Earlier this year, lobbyists representing AARP of Idaho testified in favor of the insurance exchange in both Senate and House legislative committees.

Yet on July 23 AARP communications director Randy Simon told IdahoReporter.com that AARP has no intention of purchasing employee health insurance plans through the state insurance exchange. “It is my understanding the Idaho state insurance exchange is only going to offer individual coverage,” he stated in an email message. “AARP already offers its employees group health insurance coverage.”

But the Idaho state-based insurance exchange will indeed be selling group insurance plans, a point raised by House Minority Leader John Rusche, D-Lewiston, a member of the exchange’s board of directors. “Employers with fewer than 50 employees will certainly be eligible to purchase insurance through the exchange,” he told IdahoReporter.com.

Rusche noted, however, that neither he nor his wife will be purchasing individual health insurance plans through the exchange and that both of their respective employers have more than 50 employees and will thus be ineligible to purchase group plans through the exchange.

Sen. Todd Lakey, R-Nampa, said that he will neither be purchasing individual insurance nor any group insurance plans for employees of his law firm from the exchange. “Our firm does not provide health insurance benefits,” he told IdahoReporter.com. “We each have our own benefits through another source, either from a spouse's employer, for example, or in my case through the military and from the state. Our firm is small enough we do not fall under the federal insurance mandate.”

Rep. Rick Youngblood, R-Nampa, told IdahoReporter.com that he will “probably not” purchase individual insurance from the exchange. Youngblood works as a vice president for Syringa Bank, but indicated that he did not know if his employer would seek to purchase employee insurance plans from the exchange.

Catholic Charities of Idaho lobbyist Christine Tiddens argued in favor of the insurance exchange before the Senate Commerce Committee on March 19.. She stated that “our goal is to secure affordable health care for all of Idaho.” On July 31 Tiddens told IdahoReporter.com that the organization does not intend to use the exchange for the purchase of employee benefits.

Senate Majority Leader Bart Davis, R-Idaho Falls, who also operates a law firm, reports circumstances that are somewhat similar to Lakey’s. “We have a different approach that we take for ourselves with our insurance needs,” he told IdahoReporter.com. “I honestly haven't gone that far in my thinking just yet as to how my business may need to adapt so as to comply with the federal health care law.”

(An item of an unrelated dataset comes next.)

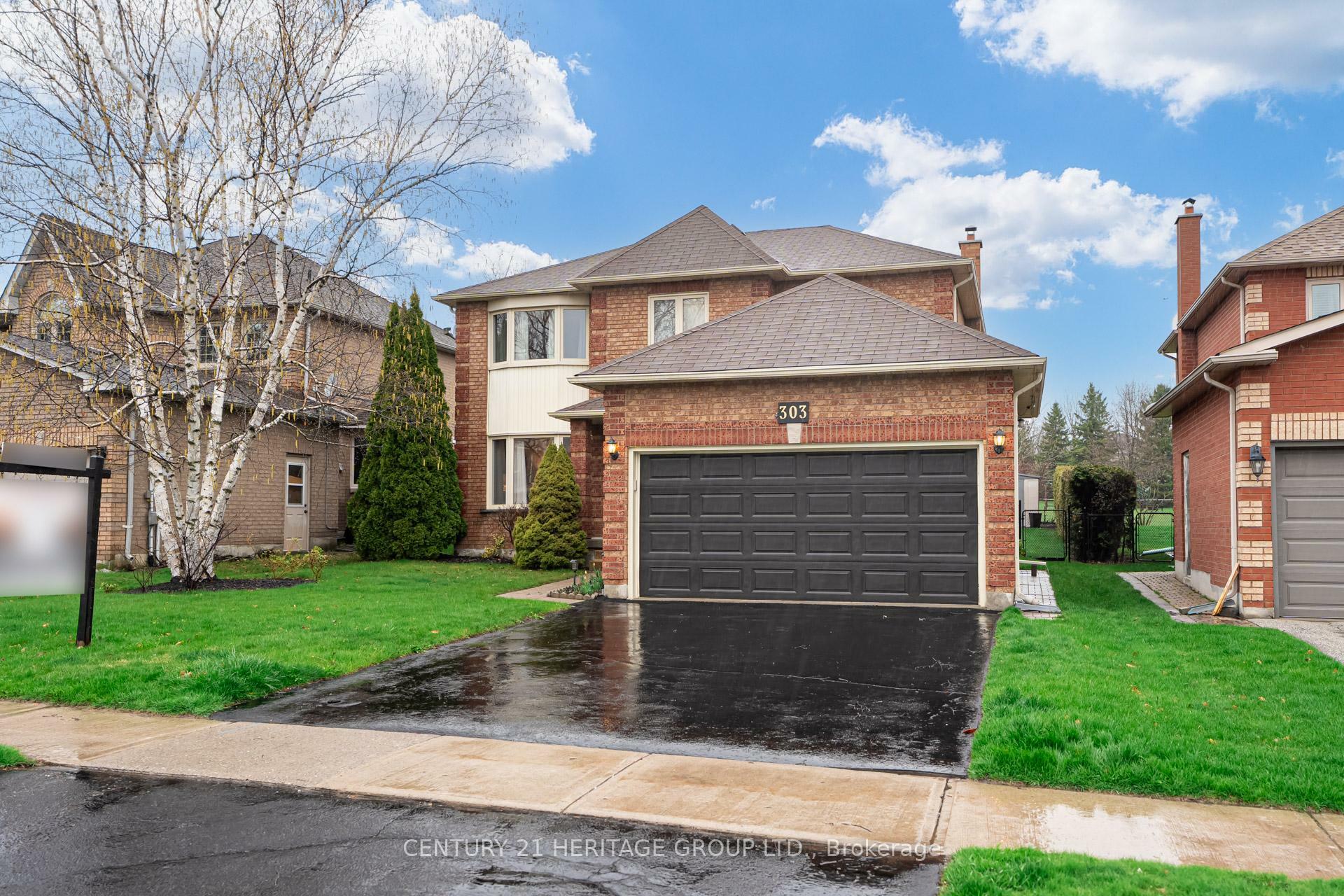 Photo de la propriété: 303 Alex Doner Drive ON L3X 1G5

One possible exception to the pattern of “no” among respondents came from Rep. Luke Malek, R-Coeur d’Alene. Noting that he will soon be getting married, Malek told IdahoReporter.com that this will likely change his outlook on insurance. “Like most Idahoans, we will weigh carefully what protection we feel we need in case of emergencies and to cover our preventive costs,” he stated. “Will we look at all our options? Yes.”